> _What needs to be done_
Please write out every line of the listing without alteration, but omit the images.

> _Dataset extract_
————————

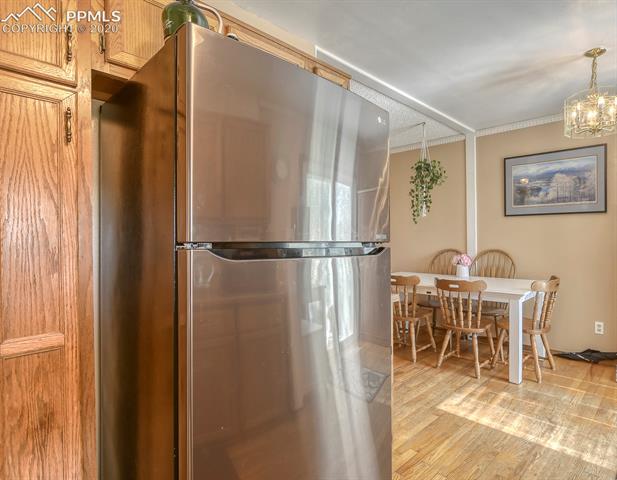 10865 Sunrise Road Fountain, CO 80817 - Photo 8 of 39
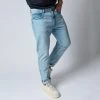 Jeanerica TM005 TAPERED JEANS MODA BLUE -jupiter shop JEANERICAJEANS 7 225492bb ebb1 4af4 bf27 8e53780af949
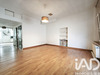 Ma-Cabane - Vente Maison Rocroi, 93 m²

————————

> _Answer_
 10865 Sunrise Road Fountain, CO 80817 - Photo 8 of 39
 Jeanerica TM005 TAPERED JEANS MODA BLUE -jupiter shop JEANERICAJEANS 7 225492bb ebb1 4af4 bf27 8e53780af949
 Ma-Cabane - Vente Maison Rocroi, 93 m²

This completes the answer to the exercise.